The Walden Effect: Farming, simple living, permaculture, and invention.

Onion day

Spring garden

I feel a bit like a kid who swears the dog ate her homework when year after year I have to report trials and tribulations with our bulb onions.  Unfortunately, this year is no different.

Pot of baby onions

The problems began on February 1 when I started onion seeds saved from last year in the same plastic flats I've been using for seven years now.  Even though my germination test said the onion seeds were pretty good, not very many came up, and most of those that did sprout soon damped off.

I think the problem was partially due to fungi hanging out in the plastic flat, but it was exacerbated by old, unvigorous seeds and by cold weather that prevented me from putting the flats outside to enjoy the sunshine.  Cool, damp, dark conditions were perfect for the damping-off fungus to colonize weakened seedlings, but I was able to get another set of seeds going by putting newly-bought seeds in a pot instead of in the problematic flats.

Onion sets

I had been concerned that a pot of onion seedlings would be trouble to transplant, and I did have to gently tease each seedling apart, doubling my transplant time.  I don't mind the extra minutes, though, as long as these guys take.

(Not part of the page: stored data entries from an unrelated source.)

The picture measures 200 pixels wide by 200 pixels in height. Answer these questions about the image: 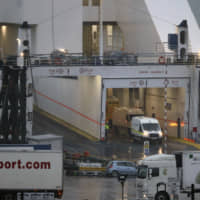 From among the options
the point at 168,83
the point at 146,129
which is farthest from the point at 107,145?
the point at 168,83

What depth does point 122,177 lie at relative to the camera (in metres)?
23.4

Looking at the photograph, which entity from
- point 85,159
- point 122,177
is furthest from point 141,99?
point 122,177

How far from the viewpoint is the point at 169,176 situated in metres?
24.0

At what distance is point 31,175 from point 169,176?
19.5 feet

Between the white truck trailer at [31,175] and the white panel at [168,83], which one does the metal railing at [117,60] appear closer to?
the white panel at [168,83]

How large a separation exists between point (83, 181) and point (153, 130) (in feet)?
39.2

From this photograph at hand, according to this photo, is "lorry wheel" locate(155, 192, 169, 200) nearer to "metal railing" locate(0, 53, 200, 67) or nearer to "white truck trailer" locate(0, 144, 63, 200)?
"white truck trailer" locate(0, 144, 63, 200)

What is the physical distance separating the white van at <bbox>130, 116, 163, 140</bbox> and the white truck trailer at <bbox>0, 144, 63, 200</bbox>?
19.2 meters

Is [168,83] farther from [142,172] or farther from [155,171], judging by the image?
[155,171]

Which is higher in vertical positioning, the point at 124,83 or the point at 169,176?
the point at 124,83

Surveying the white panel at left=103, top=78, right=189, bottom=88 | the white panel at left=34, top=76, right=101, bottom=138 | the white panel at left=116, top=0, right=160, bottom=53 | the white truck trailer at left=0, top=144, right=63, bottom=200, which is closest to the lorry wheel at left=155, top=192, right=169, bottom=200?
the white truck trailer at left=0, top=144, right=63, bottom=200

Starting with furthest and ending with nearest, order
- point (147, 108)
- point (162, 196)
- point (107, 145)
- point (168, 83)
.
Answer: point (147, 108), point (168, 83), point (107, 145), point (162, 196)

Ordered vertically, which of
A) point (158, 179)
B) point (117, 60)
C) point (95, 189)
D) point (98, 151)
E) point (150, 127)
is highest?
point (117, 60)

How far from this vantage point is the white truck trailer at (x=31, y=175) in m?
22.6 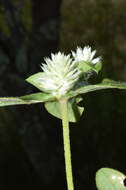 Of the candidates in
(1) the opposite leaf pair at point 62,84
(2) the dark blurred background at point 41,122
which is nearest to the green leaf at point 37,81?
(1) the opposite leaf pair at point 62,84

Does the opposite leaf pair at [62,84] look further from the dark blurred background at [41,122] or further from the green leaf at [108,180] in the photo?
the dark blurred background at [41,122]

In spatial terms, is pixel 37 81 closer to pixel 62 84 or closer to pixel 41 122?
pixel 62 84

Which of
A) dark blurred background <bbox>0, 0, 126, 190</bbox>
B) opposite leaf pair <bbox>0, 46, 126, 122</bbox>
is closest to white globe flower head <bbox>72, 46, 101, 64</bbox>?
opposite leaf pair <bbox>0, 46, 126, 122</bbox>

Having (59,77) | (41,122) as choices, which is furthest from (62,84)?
(41,122)

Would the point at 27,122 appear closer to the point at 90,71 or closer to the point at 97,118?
the point at 97,118

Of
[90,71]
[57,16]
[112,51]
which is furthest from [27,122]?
[90,71]

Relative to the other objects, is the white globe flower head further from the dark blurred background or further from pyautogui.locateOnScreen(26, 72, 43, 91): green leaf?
the dark blurred background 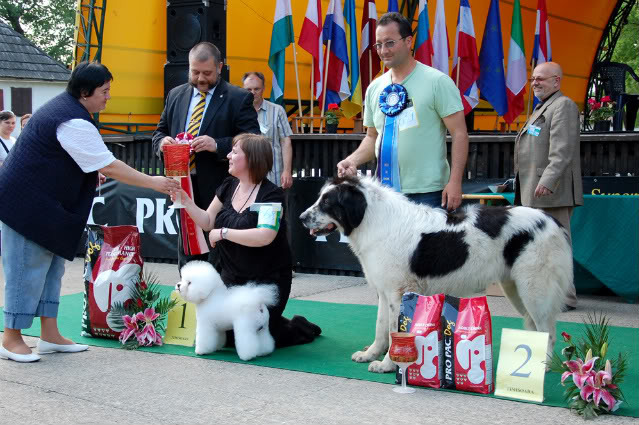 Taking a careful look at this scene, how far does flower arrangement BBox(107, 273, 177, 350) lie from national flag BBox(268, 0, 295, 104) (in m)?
6.73

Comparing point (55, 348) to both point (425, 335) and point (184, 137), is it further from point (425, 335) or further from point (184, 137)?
point (425, 335)

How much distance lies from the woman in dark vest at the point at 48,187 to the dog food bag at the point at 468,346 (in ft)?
6.95

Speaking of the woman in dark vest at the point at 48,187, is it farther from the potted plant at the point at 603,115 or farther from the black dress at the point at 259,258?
the potted plant at the point at 603,115

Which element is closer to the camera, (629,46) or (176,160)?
(176,160)

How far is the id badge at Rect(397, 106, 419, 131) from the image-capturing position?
16.9ft

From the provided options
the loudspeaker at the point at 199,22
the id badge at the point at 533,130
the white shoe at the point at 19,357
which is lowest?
the white shoe at the point at 19,357

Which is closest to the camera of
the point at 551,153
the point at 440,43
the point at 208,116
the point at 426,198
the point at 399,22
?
the point at 399,22

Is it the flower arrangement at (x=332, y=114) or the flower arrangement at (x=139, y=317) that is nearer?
the flower arrangement at (x=139, y=317)

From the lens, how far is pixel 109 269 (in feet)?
18.5

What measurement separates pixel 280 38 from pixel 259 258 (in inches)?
275

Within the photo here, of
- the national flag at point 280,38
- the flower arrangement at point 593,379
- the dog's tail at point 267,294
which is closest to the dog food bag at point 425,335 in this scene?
the flower arrangement at point 593,379

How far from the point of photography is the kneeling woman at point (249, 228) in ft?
17.2

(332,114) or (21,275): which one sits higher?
(332,114)

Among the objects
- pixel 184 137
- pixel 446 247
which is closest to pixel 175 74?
pixel 184 137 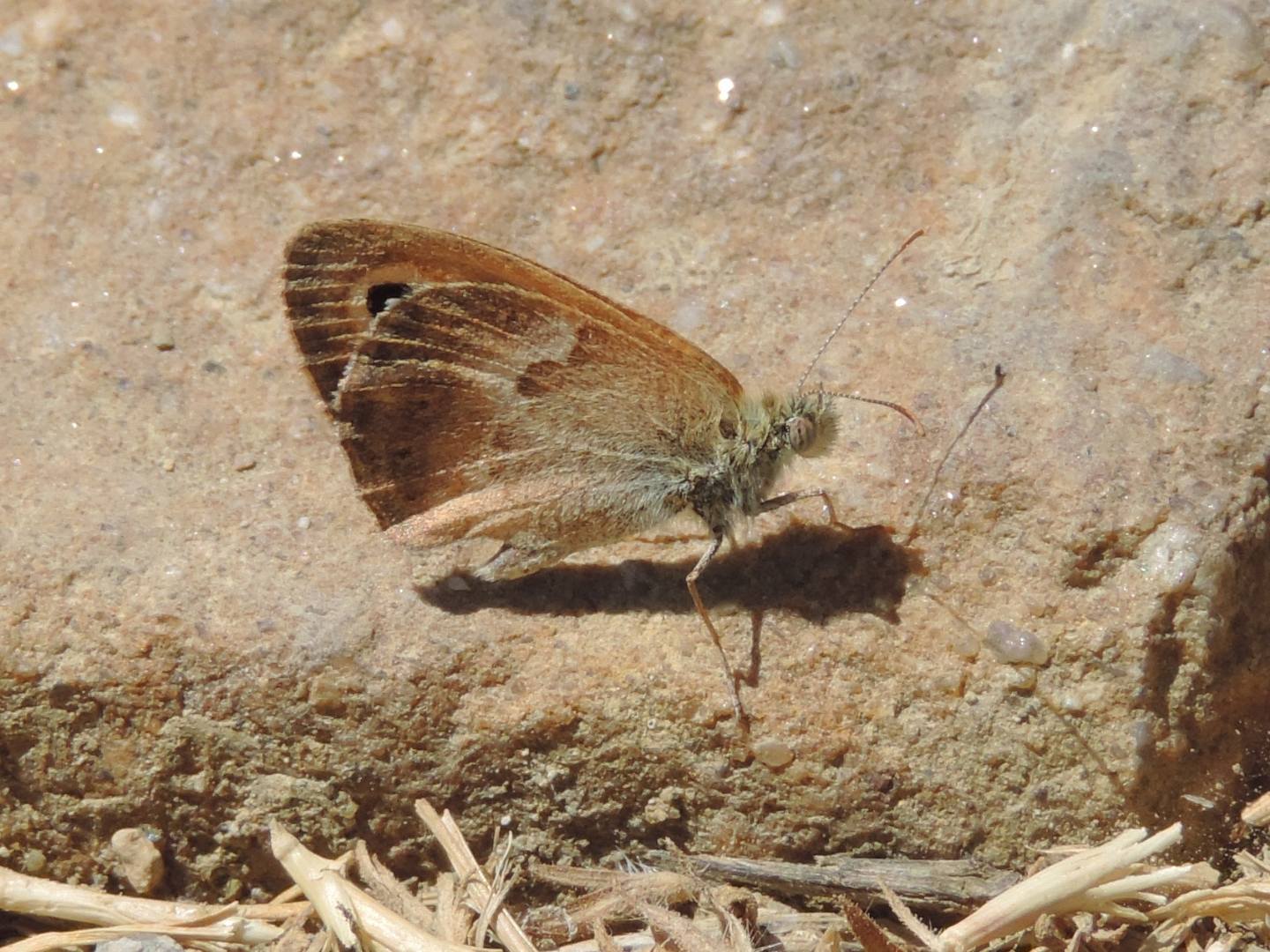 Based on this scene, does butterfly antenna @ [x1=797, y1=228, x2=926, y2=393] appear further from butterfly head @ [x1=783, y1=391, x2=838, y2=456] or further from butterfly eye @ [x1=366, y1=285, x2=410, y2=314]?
butterfly eye @ [x1=366, y1=285, x2=410, y2=314]

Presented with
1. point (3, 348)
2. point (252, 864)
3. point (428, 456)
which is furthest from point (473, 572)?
point (3, 348)

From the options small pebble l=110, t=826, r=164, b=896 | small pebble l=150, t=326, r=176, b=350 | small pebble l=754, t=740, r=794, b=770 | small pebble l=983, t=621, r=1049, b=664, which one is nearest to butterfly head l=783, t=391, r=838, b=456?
small pebble l=983, t=621, r=1049, b=664

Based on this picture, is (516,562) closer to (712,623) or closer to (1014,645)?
(712,623)

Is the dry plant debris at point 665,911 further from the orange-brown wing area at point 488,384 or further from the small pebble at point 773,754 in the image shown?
the orange-brown wing area at point 488,384

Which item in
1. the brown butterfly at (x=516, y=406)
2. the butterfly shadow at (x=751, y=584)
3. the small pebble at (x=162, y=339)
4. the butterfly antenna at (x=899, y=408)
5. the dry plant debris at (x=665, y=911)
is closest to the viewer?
the dry plant debris at (x=665, y=911)

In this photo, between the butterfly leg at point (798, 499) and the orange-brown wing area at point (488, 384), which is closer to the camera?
the orange-brown wing area at point (488, 384)

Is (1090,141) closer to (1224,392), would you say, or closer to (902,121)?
(902,121)

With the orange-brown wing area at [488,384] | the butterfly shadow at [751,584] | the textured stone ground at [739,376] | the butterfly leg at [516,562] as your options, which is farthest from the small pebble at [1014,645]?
the butterfly leg at [516,562] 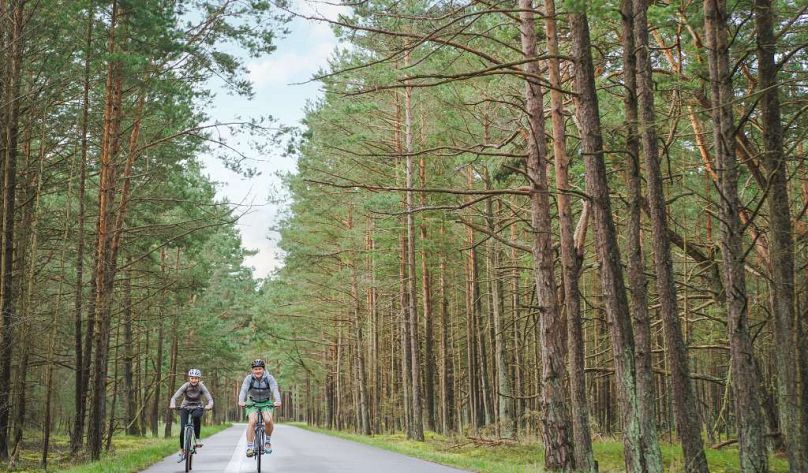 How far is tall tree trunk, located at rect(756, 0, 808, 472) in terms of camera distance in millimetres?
10375

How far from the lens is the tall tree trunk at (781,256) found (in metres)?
10.4

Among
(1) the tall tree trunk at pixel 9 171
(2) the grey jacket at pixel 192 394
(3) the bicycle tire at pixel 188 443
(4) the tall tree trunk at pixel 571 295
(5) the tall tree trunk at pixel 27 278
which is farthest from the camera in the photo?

Since I'd been counting on the old seeds germinating, I only bought half as many new seeds as I needed, so I was only able to plant seven beds (the same number as last year) instead of the fourteen beds I'd hoped would take us through the year without storebought onions.  Which is all a long way of saying --- I need all of the seedlings I set out Monday to survive!

Watering in a transplant

I think next year I may hedge my bets by planting a bed of onion seeds close together under a quick hoop the same way I do broccoli and cabbage.  Planting directly into the ground avoids so many problems with indoor seed-starting, with the only minor inconvenience being that you have to wait on the weather.  But I'll also try to disinfect my flats and will plan to buy new onion seeds every year, which might also solve the problem.  Maybe 2014 will finally be the year of the onion?

Our chicken waterer is perfect for chicks from day 1.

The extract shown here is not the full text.